Loss becomes nan on cuda:0 but not cuda:1

daquila1 · May 29, 2020, 7:40pm

I have the weirdest issue. For whatever reason when I am training my loss becomes nan when I use gpu 0 (cuda: 0) but trains fine when I use gpu 1 (cuda: 1). To prove this, I found a simple resnet implementation https://zablo.net/blog/post/using-resnet-for-mnist-in-pytorch-tutorial/.

from torchvision.models.resnet import ResNet, BasicBlock
from torchvision.datasets import MNIST
from tqdm.autonotebook import tqdm
from sklearn.metrics import precision_score, recall_score, f1_score, accuracy_score
import inspect
import time
from torch import nn, optim
import torch
from torchvision.transforms import Compose, ToTensor, Normalize, Resize
from torch.utils.data import DataLoader

class MnistResNet(ResNet):
    def __init__(self):
        super(MnistResNet, self).__init__(BasicBlock, [2, 2, 2, 2], num_classes=10)
        self.conv1 = torch.nn.Conv2d(1, 64, kernel_size=(7, 7), stride=(2, 2), padding=(3, 3), bias=False)
        
    def forward(self, x):
        return torch.softmax(super(MnistResNet, self).forward(x), dim=-1)
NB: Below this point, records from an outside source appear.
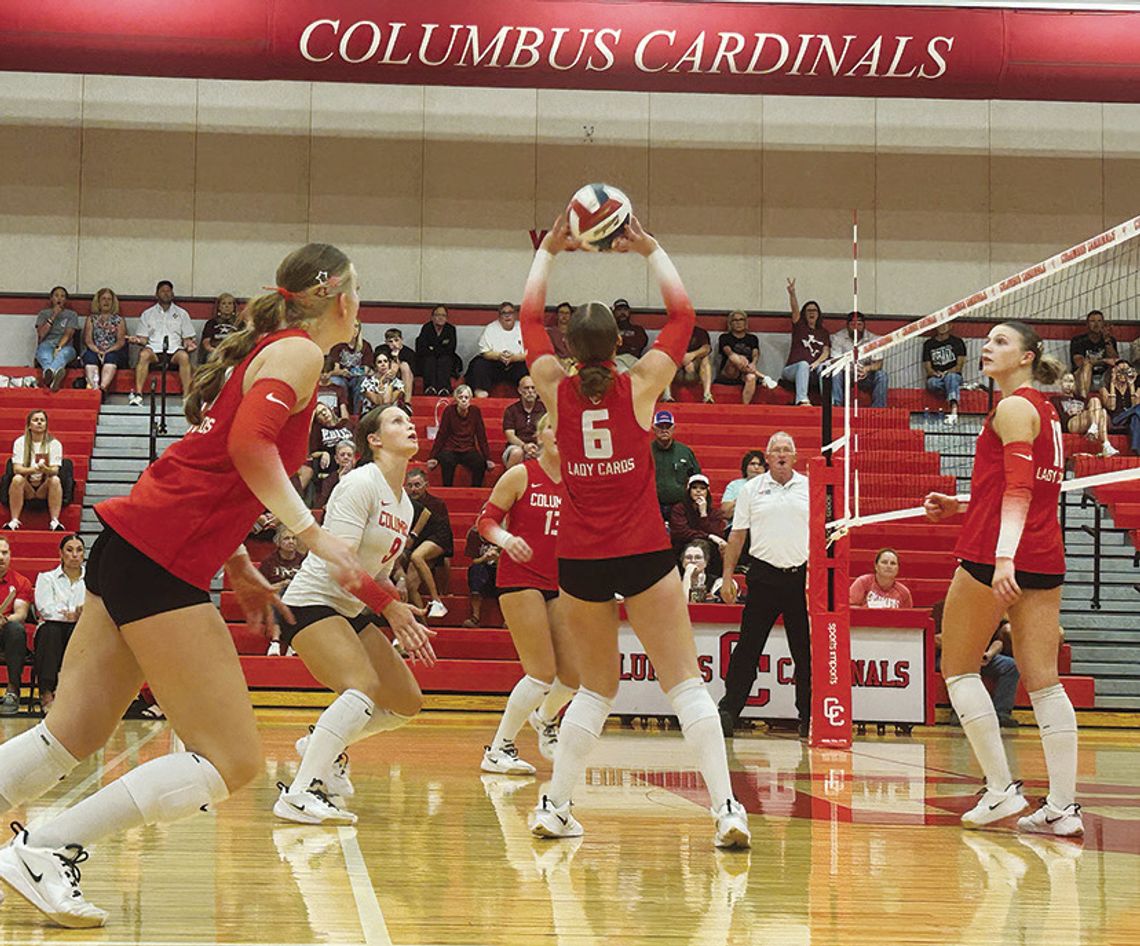 Columbus volleyball looking state caliber Columbus volleyball looking state caliber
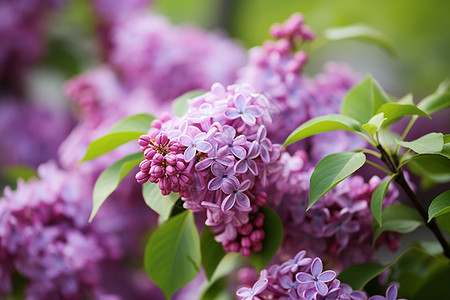 花园美丽绽放的丁香花花朵背景图片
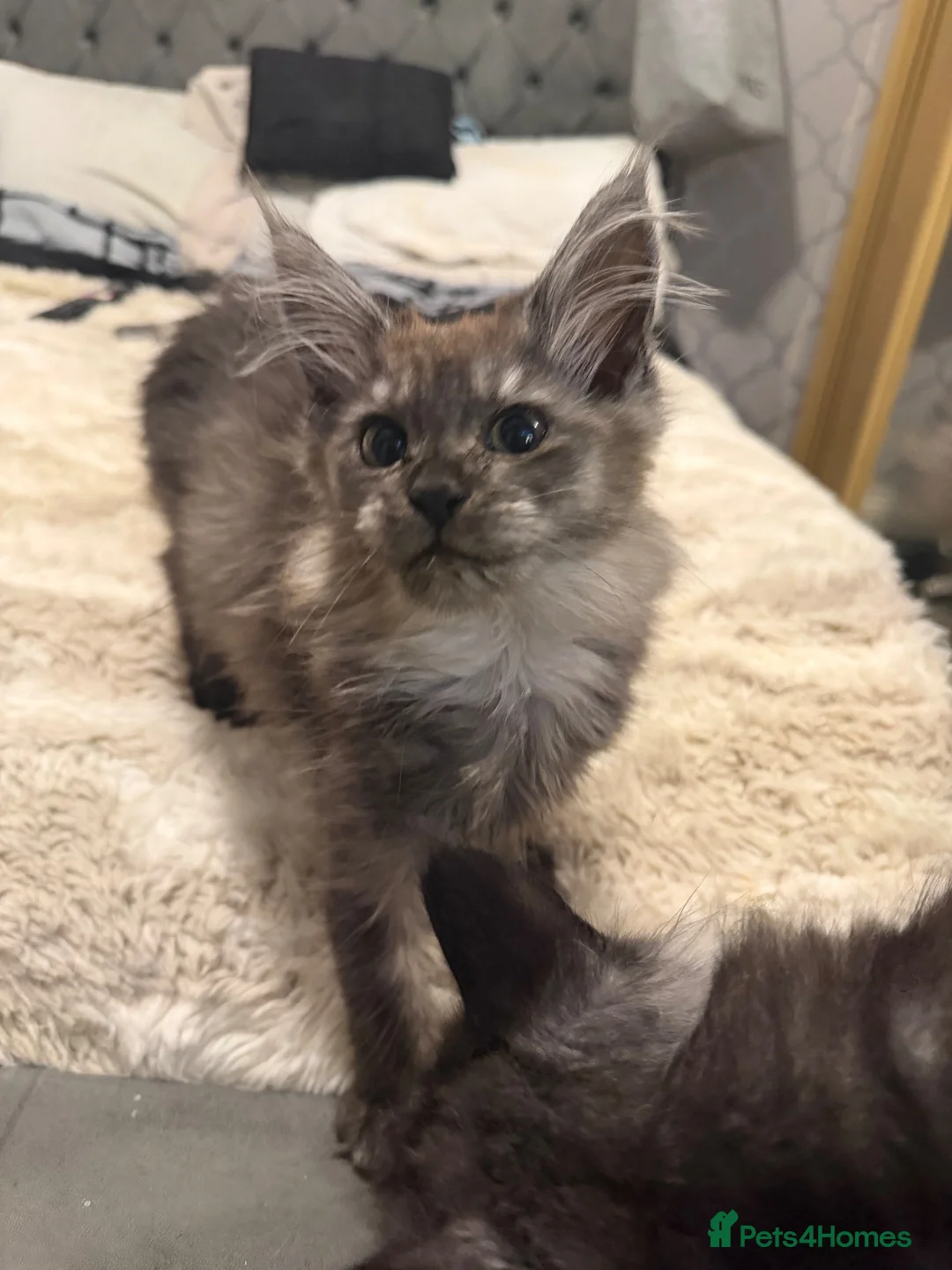 Maine Coon cats for sale: TICA registered Maine coon kittens 8 weeks old  - Advert 1
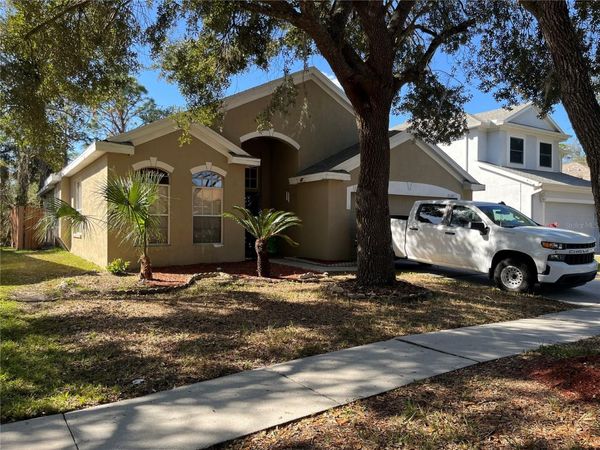 18124 ANTIETAM COURT , TAMPA, FL 33647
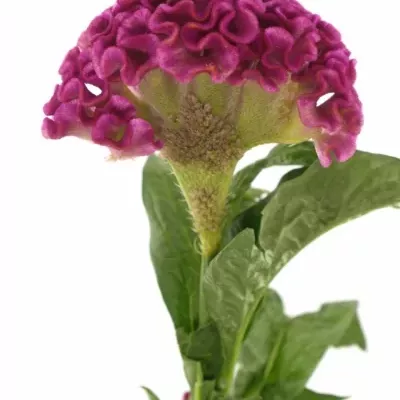 CELOSIA CR SOLID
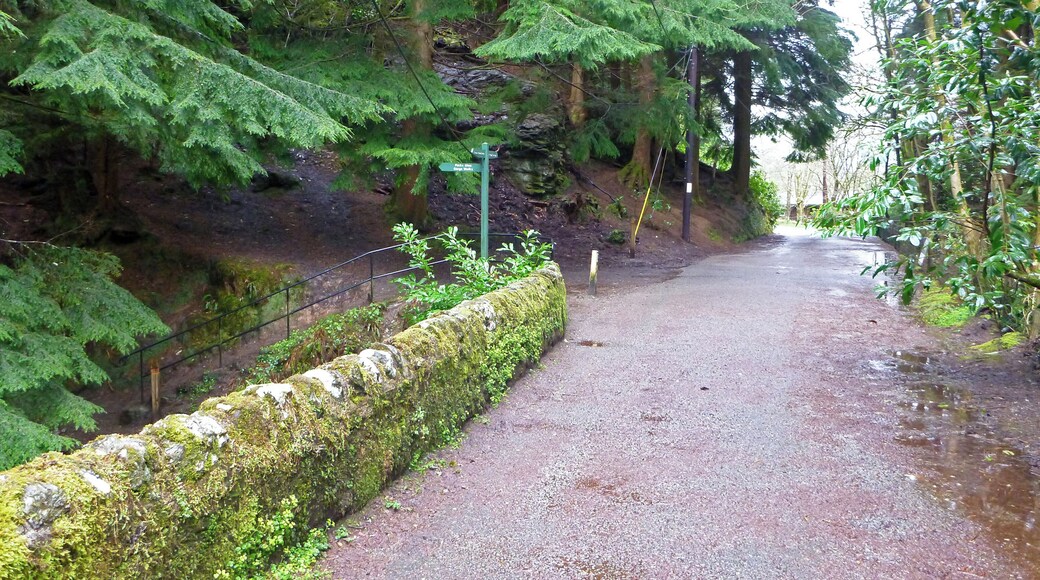 The old main road heading south from Benmore Botanic Garden on the Cowal peninsula in Argyll and Bute, Scotland, is now a pedestrian route with a sign pointing to the footpath leading up the scenic ravine called Puck's Glen, a popular feature of the Argyll Forest Park.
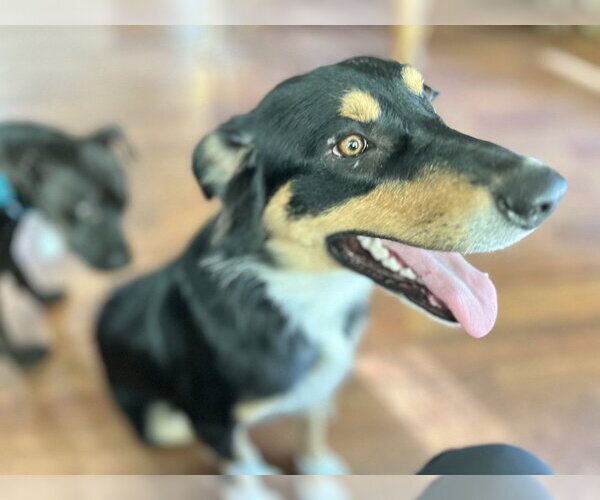 Medium Photo #2 Border Collie-Unknown Mix Puppy For Sale in Boston, MA, USA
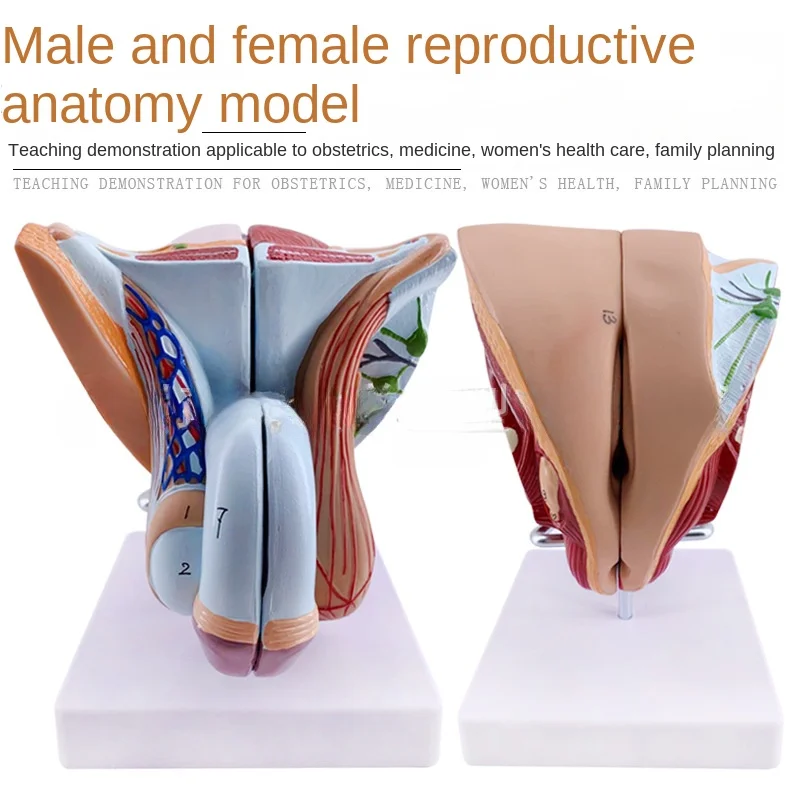 

Teaching Simulation Male Genitourinary System Specimen Internal and External Reproductive Model Testicular Anatomy Model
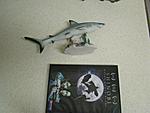 Come &amp; get it, all for sale 1st come 1st served-shark-display1.jpg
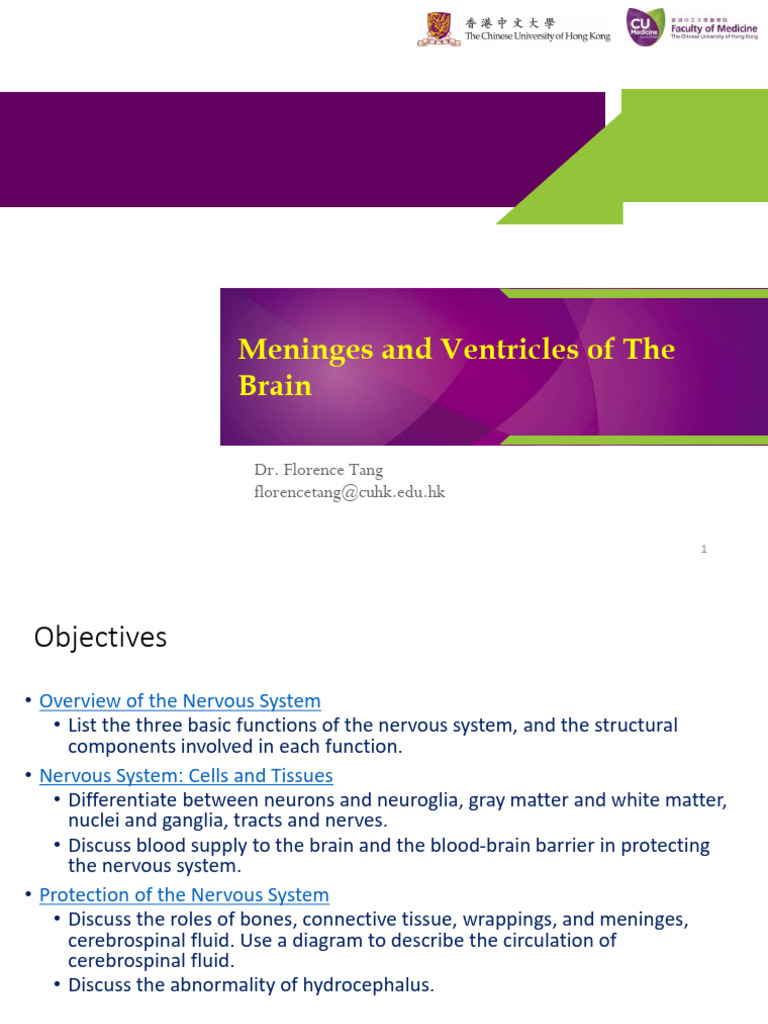 Brain Meninges and Ventricles Overview | PDF | Cerebrospinal Fluid ...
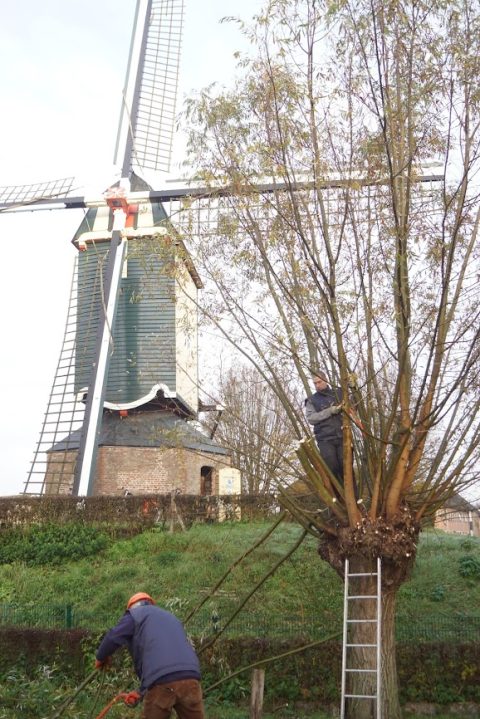 Wilgen knotten bij de standaardmolen van Nistelrode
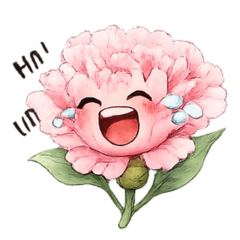 Carnation.for.u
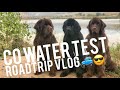 ADVENTURES OF A WATER RESCUE DOG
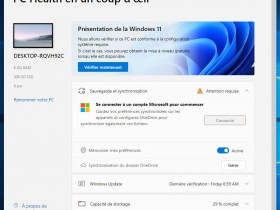 Computer Health Check (Windows 11 Compatibility Tool)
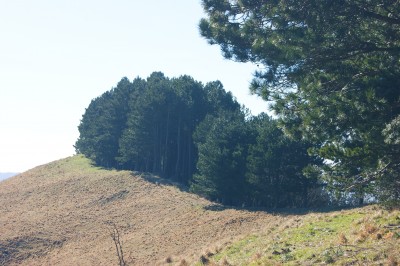 Verso la cima del Candelozzo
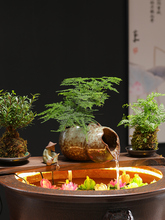 �ŷ��B�~�_���ײ͑���ͥԺ�~���쾰�[��ȫ���^�V��ˮ�չ�DIY���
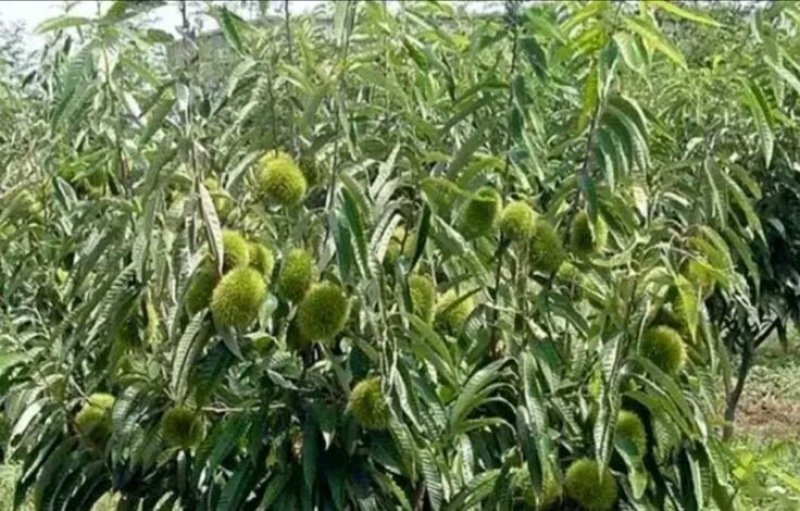 大红袍板栗苗30~50cm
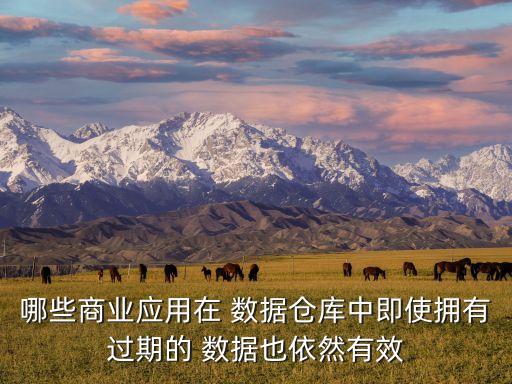 哪些商業(yè)應(yīng)用在 數(shù)據(jù)倉庫中即使擁有過期的 數(shù)據(jù)也依然有效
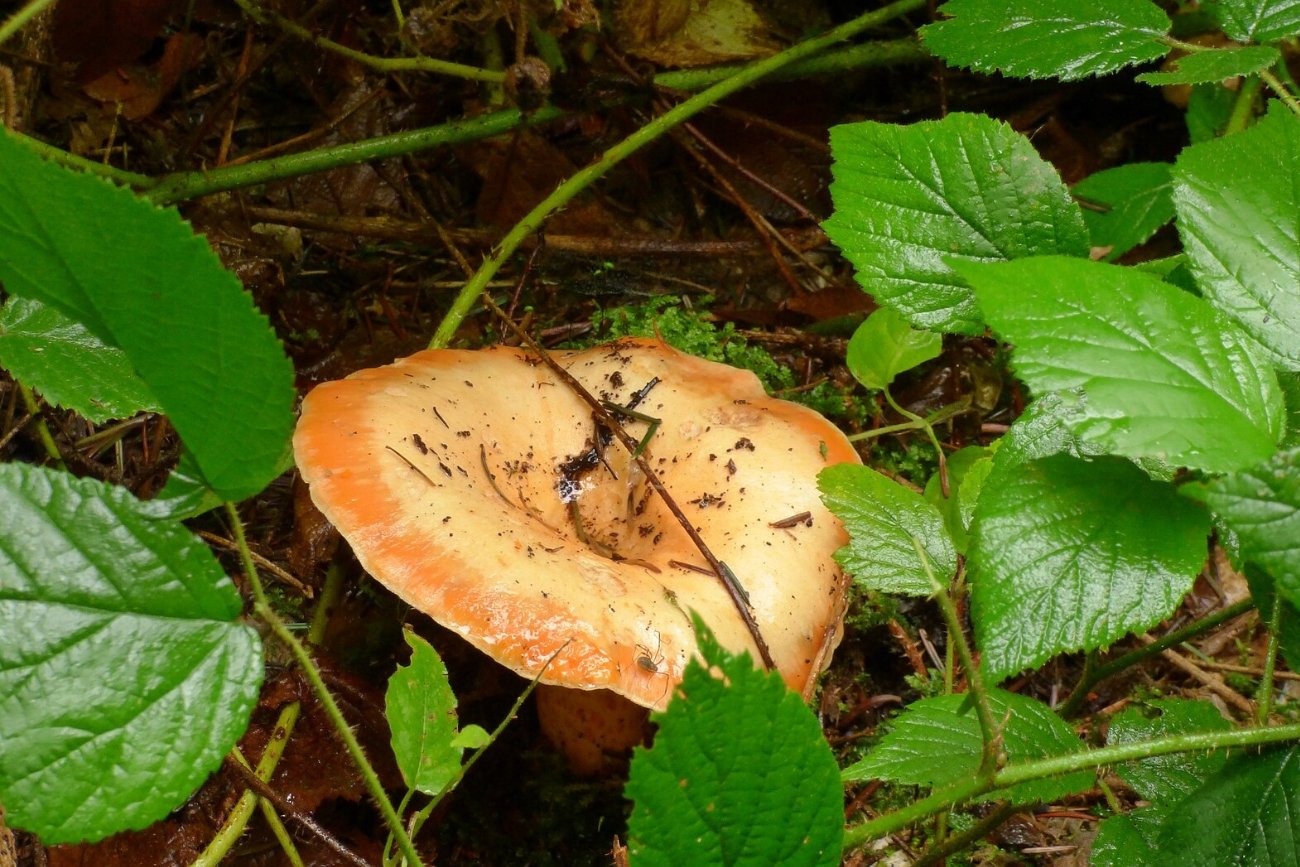 Rydze pojawiły się już w polskich lasach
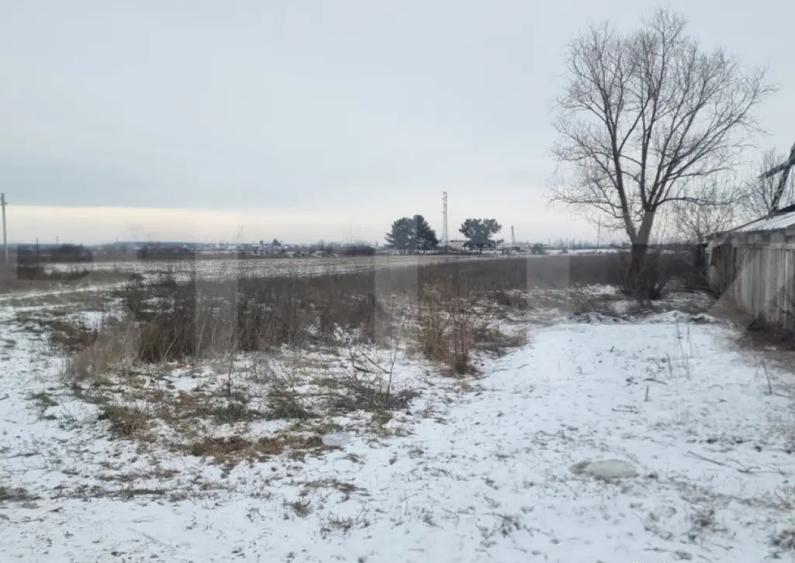 Teren intravilan Aricestii Rahtivani - 3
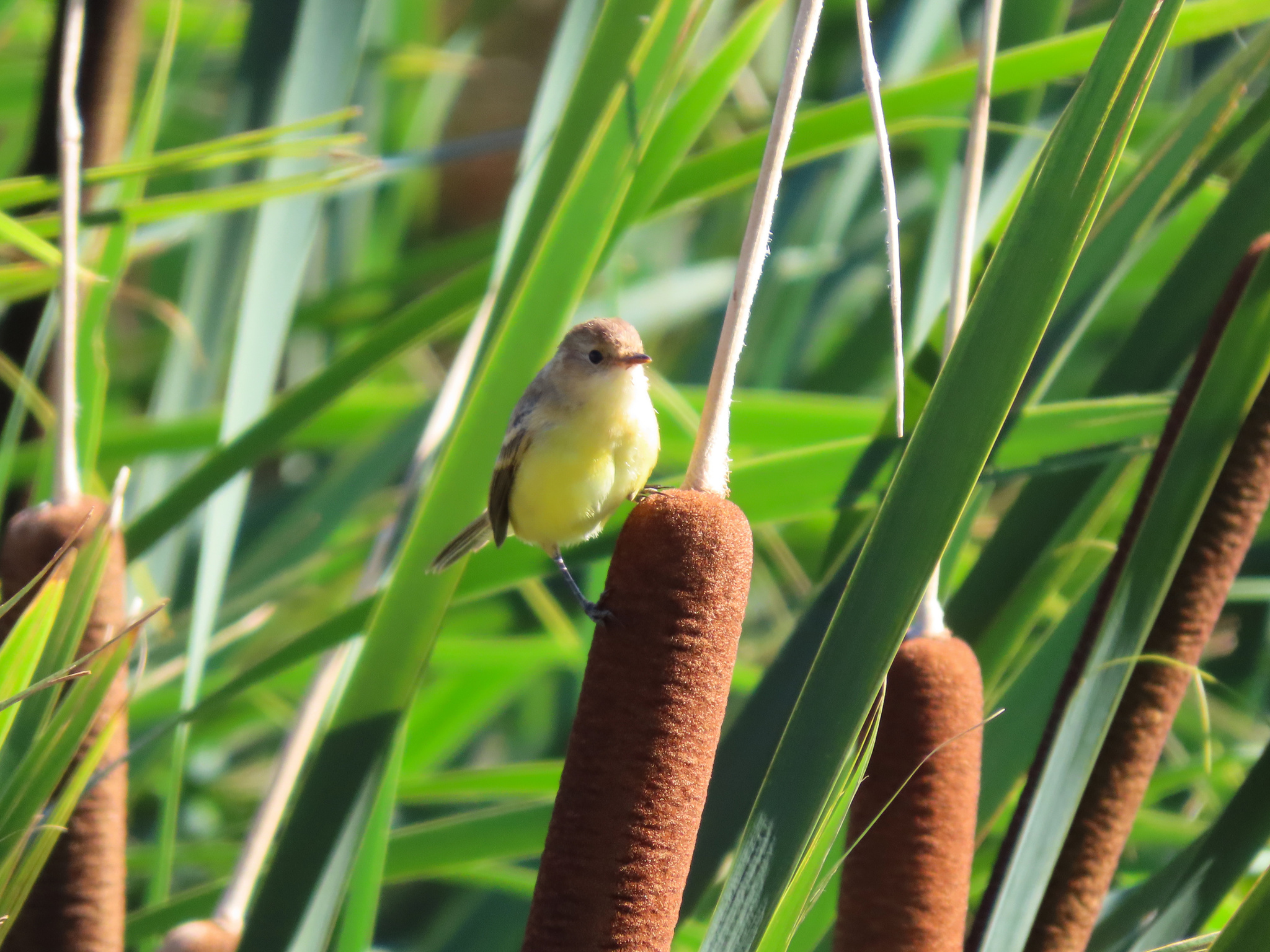 Ticking Doradito (Pseudocolopteryx citreola), photo 2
def get_data_loaders(train_batch_size, val_batch_size):
    mnist = MNIST(download=True, train=True, root=".").train_data.float()
    
    data_transform = Compose([ Resize((224, 224)),ToTensor(), Normalize((mnist.mean()/255,), (mnist.std()/255,))])

    train_loader = DataLoader(MNIST(download=True, root=".", transform=data_transform, train=True),
                              batch_size=train_batch_size, shuffle=True)

    val_loader = DataLoader(MNIST(download=False, root=".", transform=data_transform, train=False),
                            batch_size=val_batch_size, shuffle=False)
    return train_loader, val_loader

def calculate_metric(metric_fn, true_y, pred_y):
    if "average" in inspect.getfullargspec(metric_fn).args:
        return metric_fn(true_y, pred_y, average="macro")
    else:
        return metric_fn(true_y, pred_y)
    
def print_scores(p, r, f1, a, batch_size):
    for name, scores in zip(("precision", "recall", "F1", "accuracy"), (p, r, f1, a)):
        print(f"\t{name.rjust(14, ' ')}: {sum(scores)/batch_size:.4f}")
if __name__ == "__main__":
    device = 'cuda:0'##torch.device("cuda:1" if torch.cuda.is_available() else "cpu")
    epochs = 5

    model = MnistResNet().to(device)
    train_loader, val_loader = get_data_loaders(256, 256)

    losses = []
    loss_function = nn.CrossEntropyLoss()
    optimizer = optim.Adadelta(model.parameters())

    batches = len(train_loader)
    val_batches = len(val_loader)

    start_ts = time.time()
    # training loop + eval loop
    for epoch in range(epochs):
        total_loss = 0
        progress = tqdm(enumerate(train_loader), desc="Loss: ", total=batches)
        model.train()
        
        for i, data in progress:
            X, y = data[0].to(device), data[1].to(device)
            
            model.zero_grad()
            outputs = model(X)
            loss = loss_function(outputs, y)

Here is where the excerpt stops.